La conclusione di Apicoltore Moderno
Per noi di Apicoltore Moderno, l’aspetto più interessante del progetto non è soltanto il limite del 17% di umidità o quello dei 40 °C. Il vero elemento di novità è il tentativo di dare un valore concreto e verificabile a una serie di pratiche che molti apicoltori già considerano importanti: buona gestione delle api, attenzione alla Varroa, raccolta corretta, controllo delle temperature, miele non sottoposto a trattamenti termici eccessivi, tracciabilità e attenzione a tutte le fasi della filiera.

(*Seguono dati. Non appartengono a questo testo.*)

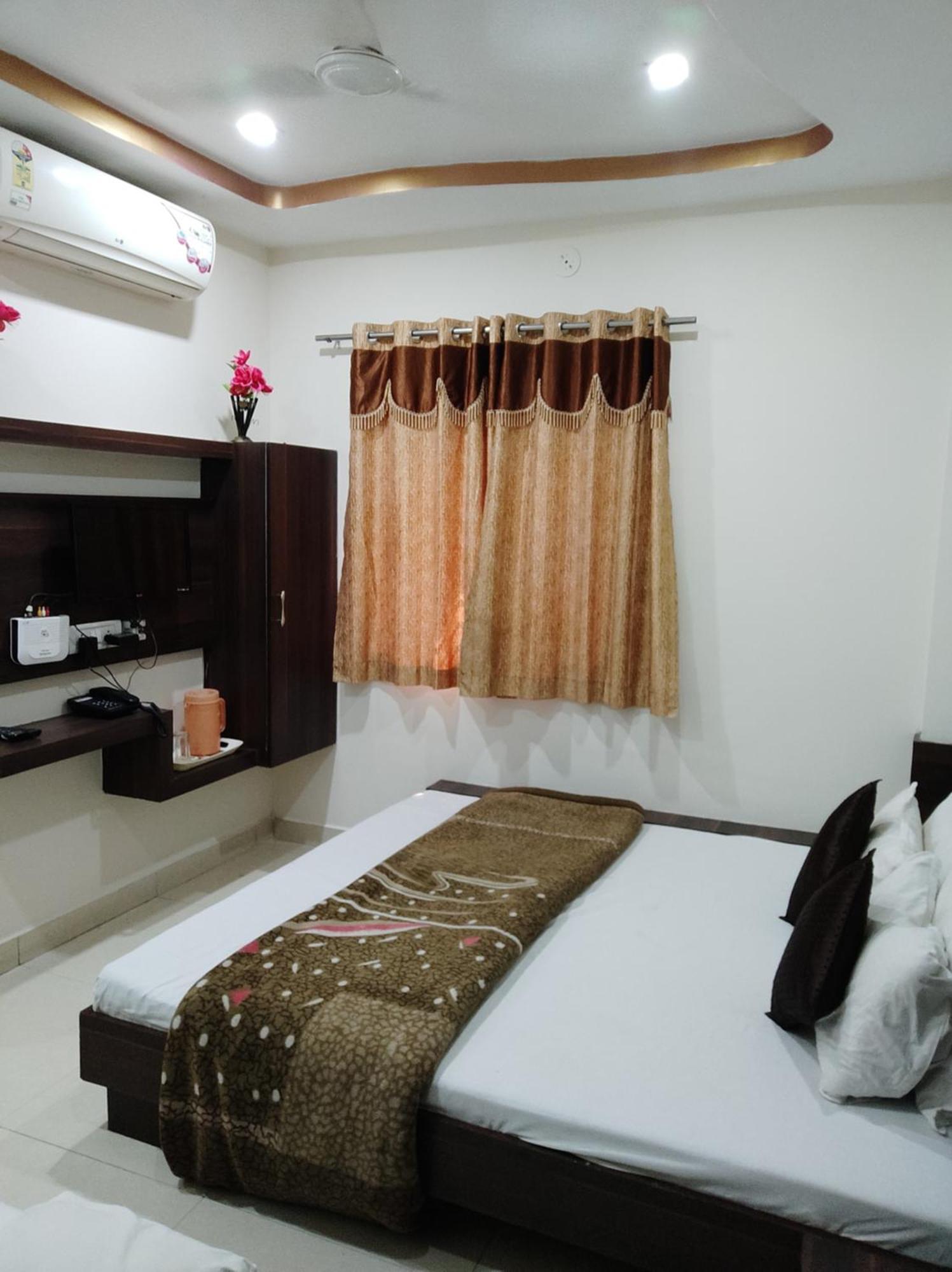 Hotel Vrandavan Palace Near Mahakal Temple Ujjain Eksteriør bilde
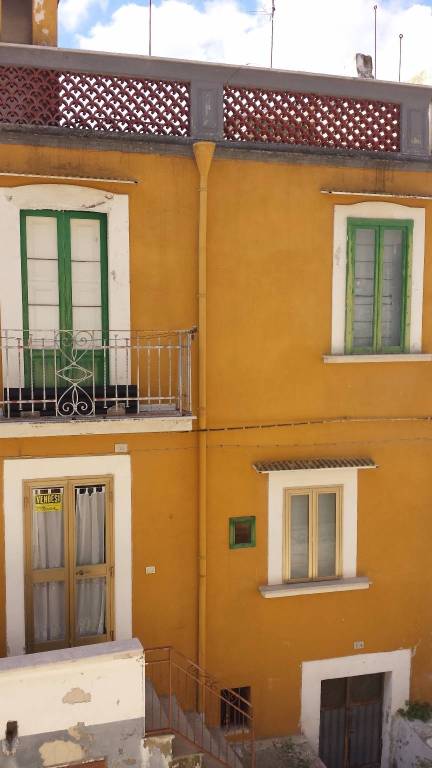 Appartamento in in vendita da privato a Cagnano Varano via Roma, 126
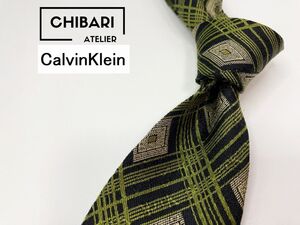 【超美品】CalvinKlein　カルバンクライン　ドット柄 ネクタイ 3本以上 送料無料 メンズ ブラックグリーン　0101141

Il vero salto di qualità, se il sistema funzionerà come previsto, sarà riuscire a trasformare tutto questo in qualcosa che il consumatore possa riconoscere, comprendere e verificare. Ma per riuscirci serviranno due condizioni fondamentali. La prima è che il sistema di controllo sia serio, trasparente e realmente efficace. La seconda, ancora più importante per gli apicoltori, è che il mercato riconosca economicamente il valore della certificazione.
Perché chiedere al produttore più controlli, più registrazioni, più attenzione e, in alcuni casi, maggiori costi ha senso soltanto se, alla fine, quella qualità viene riconosciuta anche nel prezzo del miele.
Per ora bisogna quindi attendere la conclusione dell’iter europeo. Ma una cosa, per gli apicoltori, è già abbastanza chiara: se il disciplinare entrerà definitivamente in vigore, la qualità non si dovrà più soltanto raccontare. Si dovrà dimostrare e documentare.